Gold From Heaven 

Local worshippers claim miracles are filling their teeth with gold

In a world filled with school massacres, ethnic wars and rampant poverty, it seems God has chosen to fix a curious thing-teeth.

Right across the street from the Independent, congregants of the Clark Fork Christian Center, a nondenominational charismatic New Testament church, claim that for the past month, they have had their fillings turn to shining gold through divine intervention. Gold crowns and teeth have also appeared, they say, and sometimes a fine gold dust has covered the palms of parishioners' hands, staying in place anywhere from a few seconds to an hour.

"I keep asking my friends if I've gone off the deep end," says CFCC member Bruce Donnelly, who says he has witnessed the spontaneous golden appearances. "But you can't explain it away."

The Independent first learned about the phenomenon across the street, ironically enough, through an e-mail sent from a woman in Lexington, Kentucky. A member of a Christian news group, she had received a forwarded message from Steve Valentine, a pastor at CFCC who is considered an apostle by church members.

But this is not the first occurrence of otherworldly dentistry to come up in recent weeks. According to a statement by the Toronto Airport Christian Fellowship in Canada, "On Wednesday, March 3, 1999, miracles began happening in people's teeth. By Thursday evening, over 50 people were on the platform testifying to having received what appeared to be gold or bright silver fillings or crowns, which they believed had supernaturally appeared in their mouths after receiving prayer during the Intercession Conference."

As it happens, a CFCC secretary was at that conference, and after she returned to Missoula and gave a five-minute testimony during a worship service on March 10, the mysterious appearances began.

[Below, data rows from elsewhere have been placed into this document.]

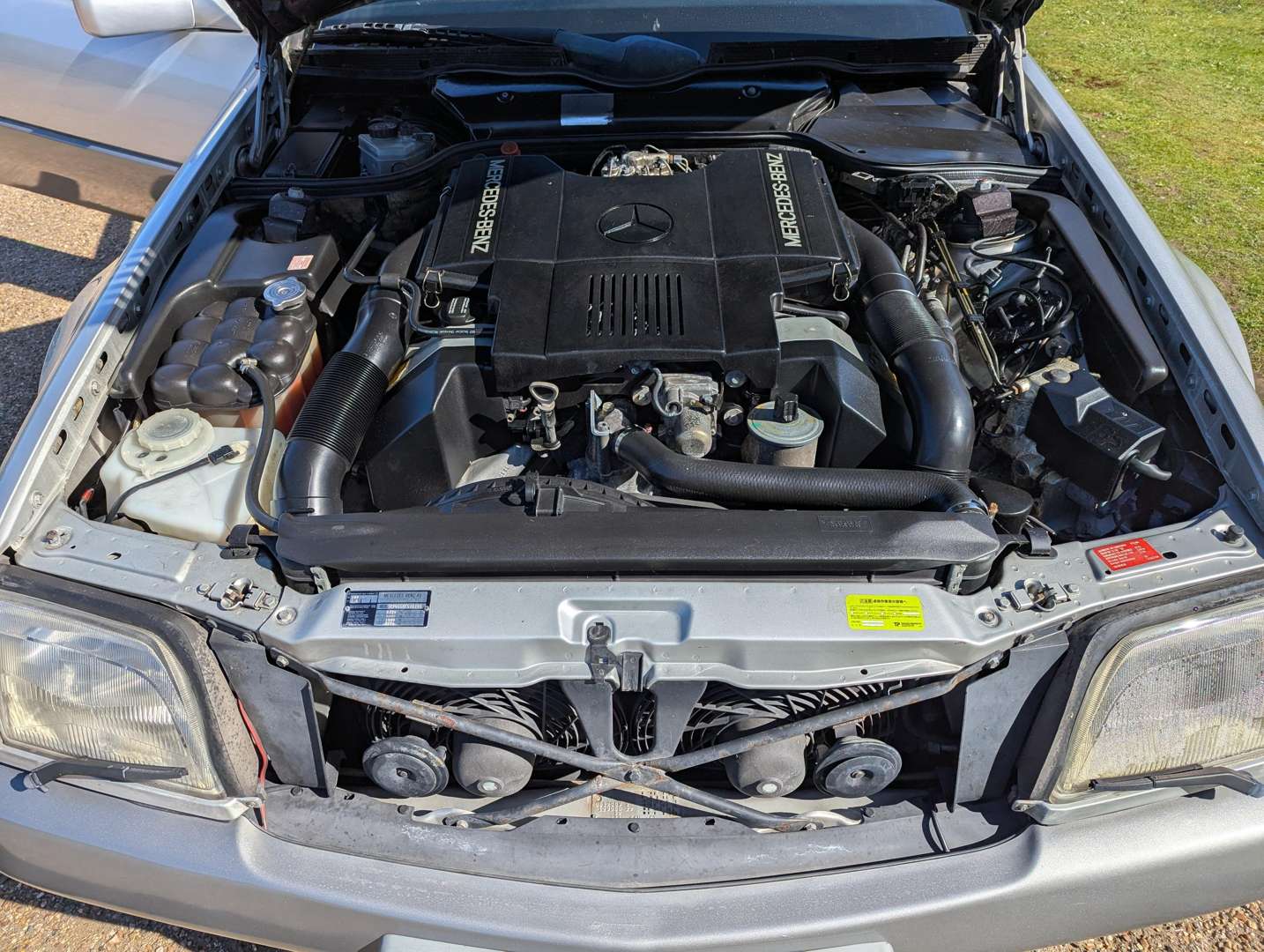 <p>1990 MERCEDES 500 SL R129</p>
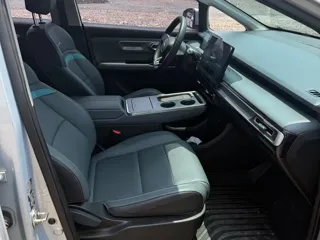 Aion Y 2023 купить из Китая, цена 3 061 000 ₽ — Suifenhe Auto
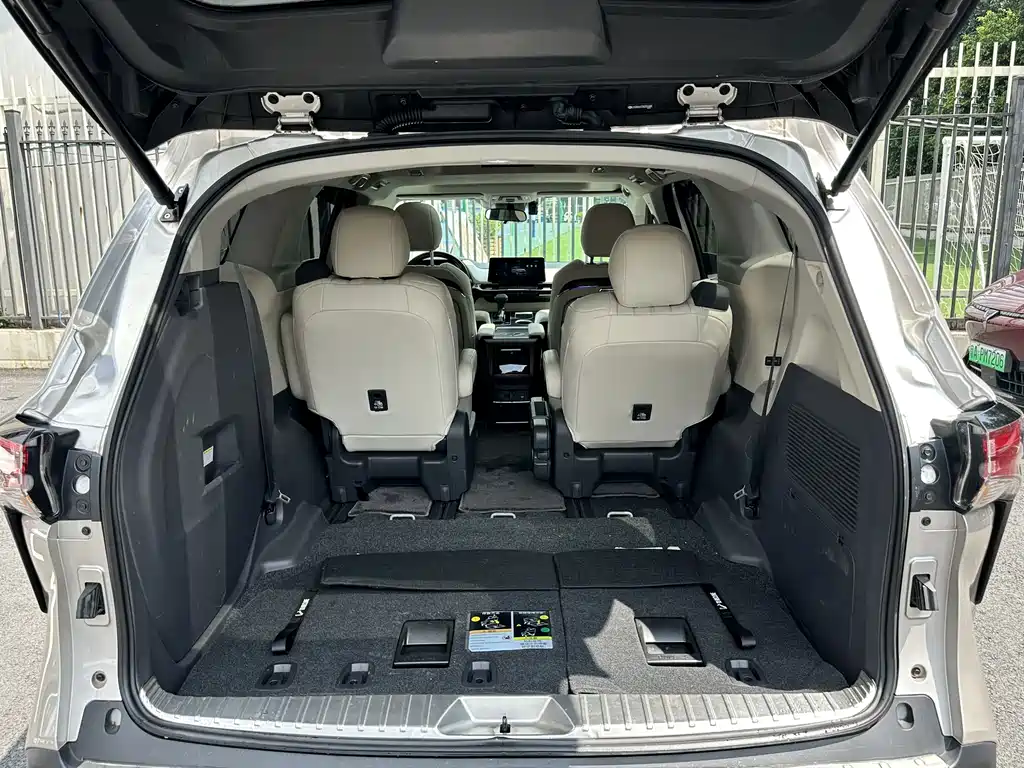 Toyota Sienna — миниатюра 11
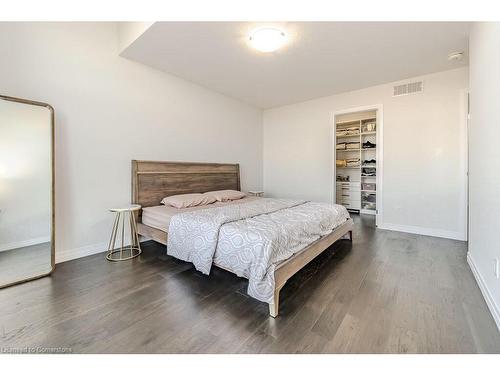 22 Sandstone Street, Cambridge, ON - Indoor Photo Showing Bedroom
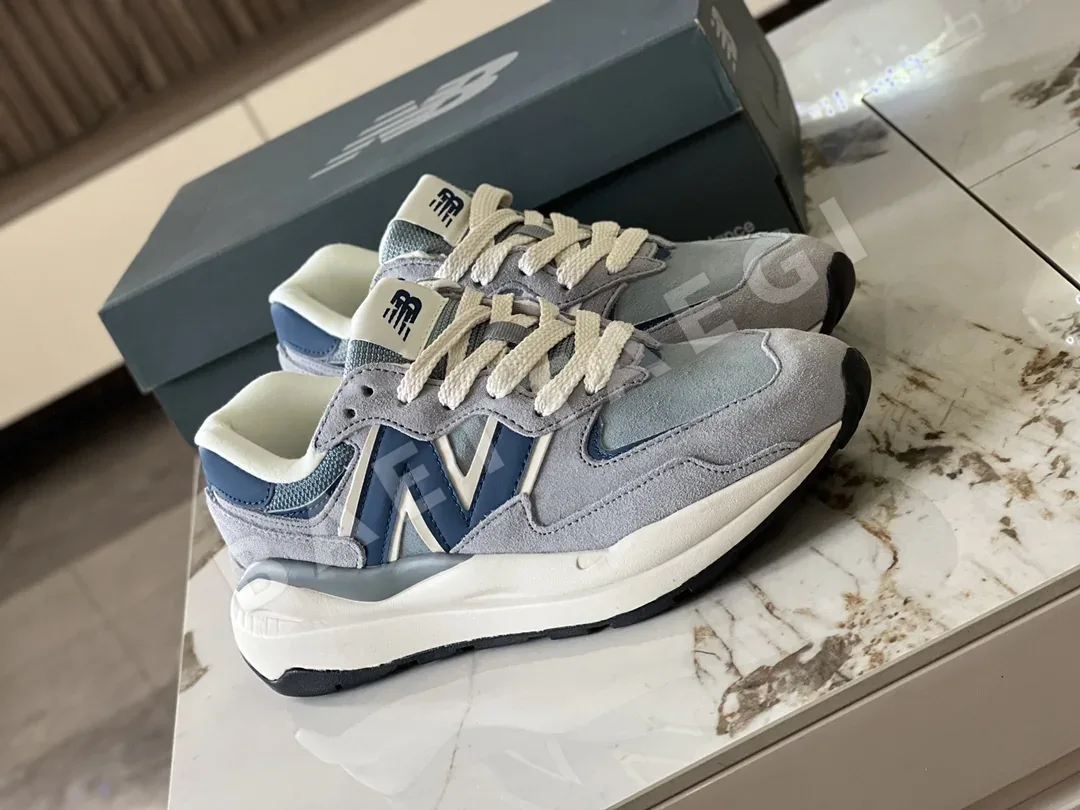 뉴발란스 M5740 스웨이드 배색 스니커즈 83782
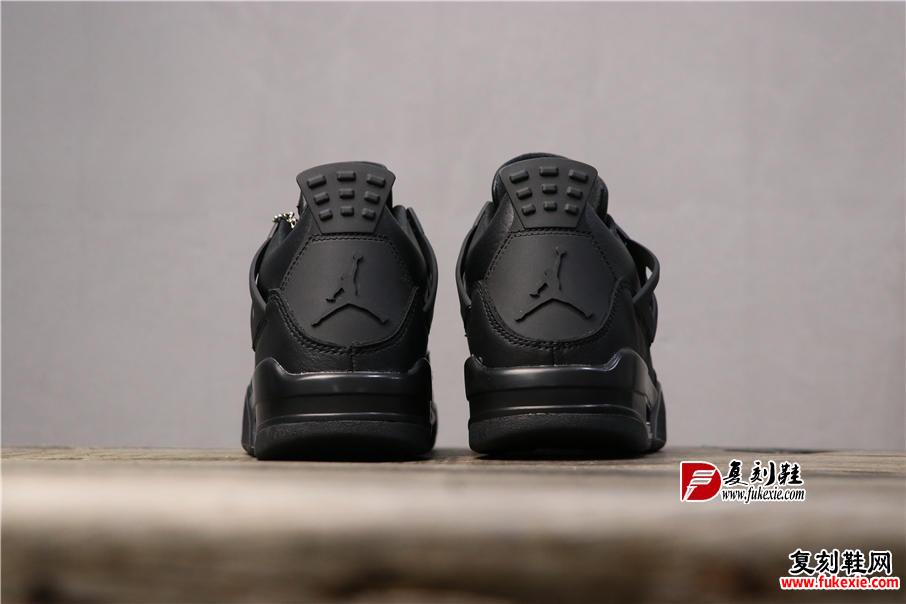 乔丹4代 Air Jordan 4 “Black Cat”全黑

"She had us put our hands on our mouths and she prayed God would bless his people and touch them like he was doing in Toronto," Valentine's e-mail message details. "We were coming to the close of the prayer meeting and Russ Smith came running up to me saying Traci, his wife, had a new gold tooth! He then fell on the floor making groaning noises. ... I looked and she had a gold crown that she said was silver before!"

Donnelly, who was also present that night, says, "I watched a guy's filling turn color. It sounds so flaky; it's hard to believe."

Nothing has happened to his own teeth, he says, but he did see gold dust on his palms. "It's glittering stuff, even finer than makeup. We call it gold dust, but we don't know what it's made of."

Donnelly adds that in the New Testament of the Bible, there are plenty of references to the signs and wonders created by God, and he considers the gold teeth to be just such a symbol.

"Gold is symbolic in scriptures as a sign of holiness, purity and the kingship of Jesus," he says. "But it's not the gold that's important, it's who's doing it."

Kerry Wickman, who helped found the CFCC in 1977 and has seen "a whole molar" turn to gold, says, "Jesus always did miracles to teach about heaven and draw people to him. Our church believes in no limits, and faith is the key issue in any miracle."

As skeptics point out, however, there have been instances when such faith has created misunderstandings. When asked to comment on the Missoula incidents, for instance, the American Dental Association in Chicago cited a similar case that turned out to be a mistake.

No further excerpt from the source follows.